21 January 2011
It was perhaps perceptible from my uncharacteristic silence on all things Twin Peaks for the past month or so that I have indeed finished watching Season 2. There are no more seasons now. At some point my friend F and I just succumbed to the temptation to race through two or three episodes per night, either because the episode we had previously watched was so gripping, and we wanted to watch further, or because the episode just passed had been totally pointless, so we wanted to fast forward, as it were, by watching further.
The net result is that I skipped reporting on a few bottles of terrific Chardonnay I'd purchased specially to pair with Twin Peaks. Like, for instance, a 2008 Chablis by Vincent Dauvissat, cousin of the legendary Raveneau brothers, and a legendary vigneron in his own right. Dauvissat produces (to my knowledge) four premier crus and one grand cru, none of which I elected to splash out on, when I saw them at Caves du Marais, since the occasion was to be just a simple night in.*
Instead F and I sipped the normale, a wine whose gentle good graces are so predetermined as to feel almost unearned, like Billy Zane's sauve successful rich-kid character John Justice Wheeler, who saunters onscreen towards the middle of Season 2, promising intrigue or character reversal but delivering neither.
09 December 2010
One of the great frustrations of Twin Peaks' second season is that, despite sinking ratings and tangled, flailing plotlines leading to nowhere, the show still attracted significant guest talent. Two years before his X-Files breakthrough, David Duchovny shows up as a cross-dressing FBI Agent. And Diane Keaton as guest director on Episode 22 did her darnedest to find genuine wit and warmth in the rambling, silly, overwritten script she was handed. The episodes in general remain watchable partly due to the continued goodwill of the well-intentioned guest stars, most of whom gamely behave as though the show isn't peeling to bits around them.
The Native Companion and I shared a 2005 Arbois Chardonnay by renowned Jura winemaker Jacques Puffeney the other night with Season 2, and it was another case of unfortunate timing, just in the other direction. Where Keaton, Duchovny, et al* arrived too late to the Twin Peaks party, the NC and I possibly cracked this one open a few years too early.
16 November 2010
I'm not cut out for sticking to themes. Faced with a choice between two mid-range organic Mâcon Chardonnays that I knew to be a little heavy around the waist and Emmanuel Giboulot's crackingly great (and great value) "Terres Burgondes" blanc, I had to spring for the latter, even if, not being Chardonnay, it threatened the thematic integrity of my blog series.

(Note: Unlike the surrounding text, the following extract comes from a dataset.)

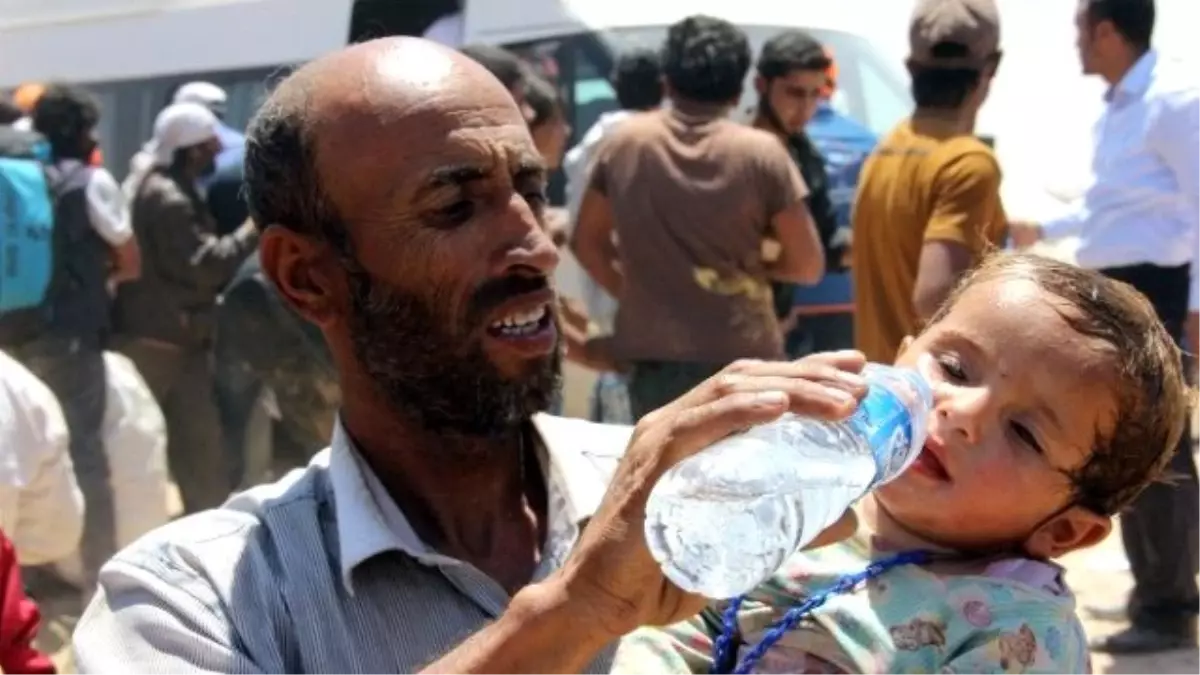 Bombardımandan Kaçan Suriyeliler Sınıra Dayandı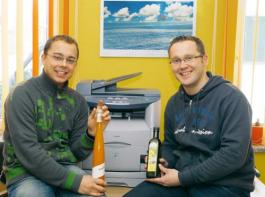 Zwei Br�der, eine Vermarktungsfirma: Ronny (links) und Tino Ryll wollen �ber ihre Fl�minger Genussland GmbH Sanddornprodukte - wie hier Lik�r -, Raps�l und weitere Produkte vermarkten.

Giboulot's "Terre Burgondes" is 100% Pinot Beurot, which is the name they use for the smattering of Pinot Gris in Burgundy. Pinot Gris is in turn synonymous with the grape many Americans request when they desire a wine with no character at all: Pinot Grigio.*
So I sat around with the Native Companion the other night watching Twin Peaks drinking a bottle of PG.
03 November 2010
Alright. In my search for exceptional French Chardonnays to pair with episodes of David Lynch's Twin Peaks, I got a little too optimistic the other day, and dropped 10eu on a bottle of intriguing Vin de Table Chardonnay by Domaine du Picatier, from the Côte Roannaise, a Rhone-Alpes region best known for good-value granitic-soil Gamay.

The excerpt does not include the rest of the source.